Mais uma vez me pego tentando entender como num mundo complexo, com notícias em tempo real, rebeliões, golpes, guinadas radicais dos principais BCs, e novidades intraday fazendo as taxas futuras se alterarem radicalmente, o excelentíssimo prêmio nobel recorre ao velho modelo econométrico do pombo!! Como quando quebrava o Lehman Brothers em 2008 e o mesmo modelo fez com que o seu colega de classe persistisse no ciclinho de aperto, e depois desmoralizado tivesse que cair em seguida.
Recordar é viver...

Responde aos seus leitores Alex.......

"Dado, porém, que um aumento de 0,75% da Selic reduz a inflação projetada em 0,2%, uma diminuição de 0,9% da inflação (que a trouxesse de 5,4% para 4,5%) requereria um aumento 4,5 vezes maior, isto é, a taxa de juros atingindo algo entre 11,25% e 11,50% ao ano."

Isso nao e correto ja que o modelo obtido por linearizacao so e valido proximo ao ponto em volta do qual a linearizacao ocorre.

O fato que o modelo linear e o modelo do banco central, ou de quem for, nao muda isso.

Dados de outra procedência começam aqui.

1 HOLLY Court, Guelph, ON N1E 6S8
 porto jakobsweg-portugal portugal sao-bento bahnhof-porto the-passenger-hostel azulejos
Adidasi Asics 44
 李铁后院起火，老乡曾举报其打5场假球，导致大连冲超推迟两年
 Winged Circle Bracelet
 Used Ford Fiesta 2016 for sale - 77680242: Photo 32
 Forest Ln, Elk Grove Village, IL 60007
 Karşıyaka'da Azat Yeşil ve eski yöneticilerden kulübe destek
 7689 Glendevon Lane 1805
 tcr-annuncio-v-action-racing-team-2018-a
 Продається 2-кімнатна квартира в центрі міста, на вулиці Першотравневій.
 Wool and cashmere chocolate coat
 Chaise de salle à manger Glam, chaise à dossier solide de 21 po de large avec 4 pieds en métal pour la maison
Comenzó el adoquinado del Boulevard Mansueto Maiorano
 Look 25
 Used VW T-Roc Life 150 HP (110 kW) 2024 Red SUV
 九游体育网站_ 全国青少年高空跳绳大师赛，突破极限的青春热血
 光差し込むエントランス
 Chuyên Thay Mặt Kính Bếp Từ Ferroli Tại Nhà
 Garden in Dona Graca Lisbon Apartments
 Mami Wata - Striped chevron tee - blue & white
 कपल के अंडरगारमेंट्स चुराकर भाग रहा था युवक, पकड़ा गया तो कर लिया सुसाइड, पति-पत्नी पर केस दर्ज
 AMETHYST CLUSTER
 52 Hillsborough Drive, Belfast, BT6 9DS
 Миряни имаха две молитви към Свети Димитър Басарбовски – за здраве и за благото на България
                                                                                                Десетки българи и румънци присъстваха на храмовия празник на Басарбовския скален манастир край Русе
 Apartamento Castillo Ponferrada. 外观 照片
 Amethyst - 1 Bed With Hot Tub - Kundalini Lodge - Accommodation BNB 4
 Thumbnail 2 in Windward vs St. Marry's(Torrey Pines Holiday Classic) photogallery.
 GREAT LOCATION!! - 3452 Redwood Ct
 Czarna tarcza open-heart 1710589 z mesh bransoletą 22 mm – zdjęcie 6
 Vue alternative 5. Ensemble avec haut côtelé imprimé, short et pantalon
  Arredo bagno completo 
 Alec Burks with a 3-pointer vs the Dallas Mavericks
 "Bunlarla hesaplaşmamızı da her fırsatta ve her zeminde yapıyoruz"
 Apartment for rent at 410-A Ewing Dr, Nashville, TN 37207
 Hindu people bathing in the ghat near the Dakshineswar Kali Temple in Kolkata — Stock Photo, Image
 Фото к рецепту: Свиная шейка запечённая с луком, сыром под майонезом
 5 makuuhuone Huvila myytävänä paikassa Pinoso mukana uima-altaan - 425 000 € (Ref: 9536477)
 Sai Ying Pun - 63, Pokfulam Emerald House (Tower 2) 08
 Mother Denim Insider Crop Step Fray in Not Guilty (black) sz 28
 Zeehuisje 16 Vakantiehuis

Certo?

O conselheiro da Dilma é o Mercadante. Fazer o que?

Ela já está fritada. Principalmente no PT.

Ou ela vai pela natureza (já leram a fábula do escorpião?) e toma medidas populistas mais a esquerda e ferra mais ainda tanto a reeleição dela e do PT e por tabela a vida de quem os sucederem, ou ela vai num caminho sensato e convoca o Armínio e o Meirelles ( ou o Alexandre) e faz o dever de casa.
Pode dar certo ou errado, mas neste caso ela tem chance.
Mantendo o que está aí e piorando, sem chances. A não ser por um golpe, mas não será ela a escolhida neste caso. O ungido seria o Lula estado de saúde em questão) ou... Não vou escrever o nome...

Dirceu pra diretor do banco central!